Exercise:
Repeat exactly the lines from the first line of the records through the line containing "Médico Profesión Emoticono", and nothing more.

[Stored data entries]
+ + +
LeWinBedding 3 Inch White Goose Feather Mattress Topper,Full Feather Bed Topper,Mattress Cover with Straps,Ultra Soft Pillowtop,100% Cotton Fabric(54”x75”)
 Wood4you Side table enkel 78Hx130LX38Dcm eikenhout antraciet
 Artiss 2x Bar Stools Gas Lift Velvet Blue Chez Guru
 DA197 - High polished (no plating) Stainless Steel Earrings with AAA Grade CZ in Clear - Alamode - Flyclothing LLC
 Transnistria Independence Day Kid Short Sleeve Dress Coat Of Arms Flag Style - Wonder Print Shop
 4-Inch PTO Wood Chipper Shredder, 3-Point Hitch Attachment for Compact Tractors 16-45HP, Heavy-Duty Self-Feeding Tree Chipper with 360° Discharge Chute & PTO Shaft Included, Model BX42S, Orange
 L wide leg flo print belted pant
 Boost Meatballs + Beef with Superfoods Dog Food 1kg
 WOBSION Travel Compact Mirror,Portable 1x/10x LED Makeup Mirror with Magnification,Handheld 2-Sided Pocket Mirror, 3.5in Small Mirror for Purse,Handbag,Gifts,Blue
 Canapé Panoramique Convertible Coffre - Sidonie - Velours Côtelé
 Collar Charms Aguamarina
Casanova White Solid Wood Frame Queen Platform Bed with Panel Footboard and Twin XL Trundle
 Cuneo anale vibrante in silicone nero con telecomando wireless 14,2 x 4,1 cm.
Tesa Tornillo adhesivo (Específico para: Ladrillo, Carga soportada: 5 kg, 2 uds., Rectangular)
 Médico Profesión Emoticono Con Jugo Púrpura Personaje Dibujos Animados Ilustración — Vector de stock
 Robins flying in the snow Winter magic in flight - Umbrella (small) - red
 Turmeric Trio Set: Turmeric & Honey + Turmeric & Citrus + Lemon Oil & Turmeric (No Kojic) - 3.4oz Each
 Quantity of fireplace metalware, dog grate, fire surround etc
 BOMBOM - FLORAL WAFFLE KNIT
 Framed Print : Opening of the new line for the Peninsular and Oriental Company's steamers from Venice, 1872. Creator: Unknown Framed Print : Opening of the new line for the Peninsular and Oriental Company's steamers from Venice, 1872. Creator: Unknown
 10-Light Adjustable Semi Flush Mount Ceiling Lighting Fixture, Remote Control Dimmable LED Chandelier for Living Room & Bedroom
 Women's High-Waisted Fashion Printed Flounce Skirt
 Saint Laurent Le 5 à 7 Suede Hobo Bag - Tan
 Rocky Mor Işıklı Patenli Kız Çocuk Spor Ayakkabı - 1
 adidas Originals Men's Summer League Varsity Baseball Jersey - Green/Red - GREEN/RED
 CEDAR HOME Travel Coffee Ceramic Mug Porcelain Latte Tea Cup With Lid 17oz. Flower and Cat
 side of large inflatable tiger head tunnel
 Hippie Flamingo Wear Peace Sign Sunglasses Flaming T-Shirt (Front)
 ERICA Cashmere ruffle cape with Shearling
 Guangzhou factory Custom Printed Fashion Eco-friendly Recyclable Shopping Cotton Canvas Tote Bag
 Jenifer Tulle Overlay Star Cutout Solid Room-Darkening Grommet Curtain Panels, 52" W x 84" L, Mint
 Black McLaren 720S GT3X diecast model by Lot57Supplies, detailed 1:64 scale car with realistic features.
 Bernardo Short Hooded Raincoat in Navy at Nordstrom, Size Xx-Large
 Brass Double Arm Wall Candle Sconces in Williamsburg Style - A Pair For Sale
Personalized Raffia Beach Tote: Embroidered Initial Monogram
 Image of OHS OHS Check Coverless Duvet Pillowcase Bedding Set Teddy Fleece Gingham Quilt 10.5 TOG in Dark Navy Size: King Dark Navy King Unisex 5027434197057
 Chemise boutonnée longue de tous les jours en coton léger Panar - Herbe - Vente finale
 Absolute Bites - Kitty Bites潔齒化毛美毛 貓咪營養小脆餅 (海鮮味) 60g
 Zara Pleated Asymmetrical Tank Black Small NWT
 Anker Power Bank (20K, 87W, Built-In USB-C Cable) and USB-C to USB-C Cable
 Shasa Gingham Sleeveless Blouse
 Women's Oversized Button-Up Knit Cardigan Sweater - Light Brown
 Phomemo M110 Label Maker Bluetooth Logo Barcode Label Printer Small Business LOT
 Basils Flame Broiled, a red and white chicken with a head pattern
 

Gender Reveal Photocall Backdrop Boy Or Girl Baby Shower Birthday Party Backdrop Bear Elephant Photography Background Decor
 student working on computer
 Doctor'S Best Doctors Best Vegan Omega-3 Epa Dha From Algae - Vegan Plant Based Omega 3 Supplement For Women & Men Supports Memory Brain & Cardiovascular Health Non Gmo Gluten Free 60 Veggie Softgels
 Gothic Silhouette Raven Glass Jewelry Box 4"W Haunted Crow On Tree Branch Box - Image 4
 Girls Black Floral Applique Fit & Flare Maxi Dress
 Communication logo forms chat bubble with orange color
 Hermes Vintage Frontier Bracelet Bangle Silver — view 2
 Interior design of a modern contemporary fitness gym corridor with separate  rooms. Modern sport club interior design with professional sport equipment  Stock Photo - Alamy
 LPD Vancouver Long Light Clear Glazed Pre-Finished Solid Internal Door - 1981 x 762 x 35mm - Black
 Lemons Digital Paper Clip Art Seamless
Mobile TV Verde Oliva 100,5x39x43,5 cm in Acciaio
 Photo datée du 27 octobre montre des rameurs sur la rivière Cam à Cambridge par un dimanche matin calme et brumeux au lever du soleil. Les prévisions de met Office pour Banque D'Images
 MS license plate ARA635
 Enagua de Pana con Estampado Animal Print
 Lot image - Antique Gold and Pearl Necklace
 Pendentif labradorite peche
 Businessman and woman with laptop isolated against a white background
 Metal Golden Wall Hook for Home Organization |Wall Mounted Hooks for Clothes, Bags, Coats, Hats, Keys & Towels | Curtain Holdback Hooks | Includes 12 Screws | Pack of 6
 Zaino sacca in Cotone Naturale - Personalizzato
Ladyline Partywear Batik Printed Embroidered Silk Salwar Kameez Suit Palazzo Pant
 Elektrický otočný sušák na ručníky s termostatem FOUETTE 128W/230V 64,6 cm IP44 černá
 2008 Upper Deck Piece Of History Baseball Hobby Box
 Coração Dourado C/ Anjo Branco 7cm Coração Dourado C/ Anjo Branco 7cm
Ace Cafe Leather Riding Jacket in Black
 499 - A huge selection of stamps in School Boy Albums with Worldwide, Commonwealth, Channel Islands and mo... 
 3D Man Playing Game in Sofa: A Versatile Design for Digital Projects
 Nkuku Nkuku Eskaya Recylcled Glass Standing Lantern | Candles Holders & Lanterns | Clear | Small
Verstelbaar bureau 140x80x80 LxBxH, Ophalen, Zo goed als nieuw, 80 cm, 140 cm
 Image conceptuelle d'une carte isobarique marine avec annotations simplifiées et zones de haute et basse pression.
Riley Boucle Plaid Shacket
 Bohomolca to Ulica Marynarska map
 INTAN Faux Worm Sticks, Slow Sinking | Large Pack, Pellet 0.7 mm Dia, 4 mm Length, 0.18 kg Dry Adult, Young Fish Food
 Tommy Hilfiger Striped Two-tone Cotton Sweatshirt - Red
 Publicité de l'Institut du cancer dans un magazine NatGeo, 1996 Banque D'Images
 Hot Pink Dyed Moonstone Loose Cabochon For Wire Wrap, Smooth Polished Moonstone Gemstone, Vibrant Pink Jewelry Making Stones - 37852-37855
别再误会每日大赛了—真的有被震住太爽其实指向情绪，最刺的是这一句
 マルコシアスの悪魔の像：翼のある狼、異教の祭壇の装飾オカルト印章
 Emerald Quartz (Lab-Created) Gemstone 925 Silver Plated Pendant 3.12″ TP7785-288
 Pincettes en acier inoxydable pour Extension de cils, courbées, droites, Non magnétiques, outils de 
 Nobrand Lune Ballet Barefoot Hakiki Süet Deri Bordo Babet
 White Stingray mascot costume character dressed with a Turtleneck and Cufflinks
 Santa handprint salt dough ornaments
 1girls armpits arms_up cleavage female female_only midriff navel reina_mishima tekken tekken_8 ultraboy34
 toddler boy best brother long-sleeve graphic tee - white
+ + +
Response:
LeWinBedding 3 Inch White Goose Feather Mattress Topper,Full Feather Bed Topper,Mattress Cover with Straps,Ultra Soft Pillowtop,100% Cotton Fabric(54”x75”)
 Wood4you Side table enkel 78Hx130LX38Dcm eikenhout antraciet
 Artiss 2x Bar Stools Gas Lift Velvet Blue Chez Guru
 DA197 - High polished (no plating) Stainless Steel Earrings with AAA Grade CZ in Clear - Alamode - Flyclothing LLC
 Transnistria Independence Day Kid Short Sleeve Dress Coat Of Arms Flag Style - Wonder Print Shop
 4-Inch PTO Wood Chipper Shredder, 3-Point Hitch Attachment for Compact Tractors 16-45HP, Heavy-Duty Self-Feeding Tree Chipper with 360° Discharge Chute & PTO Shaft Included, Model BX42S, Orange
 L wide leg flo print belted pant
 Boost Meatballs + Beef with Superfoods Dog Food 1kg
 WOBSION Travel Compact Mirror,Portable 1x/10x LED Makeup Mirror with Magnification,Handheld 2-Sided Pocket Mirror, 3.5in Small Mirror for Purse,Handbag,Gifts,Blue
 Canapé Panoramique Convertible Coffre - Sidonie - Velours Côtelé
 Collar Charms Aguamarina
Casanova White Solid Wood Frame Queen Platform Bed with Panel Footboard and Twin XL Trundle
 Cuneo anale vibrante in silicone nero con telecomando wireless 14,2 x 4,1 cm.
Tesa Tornillo adhesivo (Específico para: Ladrillo, Carga soportada: 5 kg, 2 uds., Rectangular)
 Médico Profesión Emoticono Con Jugo Púrpura Personaje Dibujos Animados Ilustración — Vector de stock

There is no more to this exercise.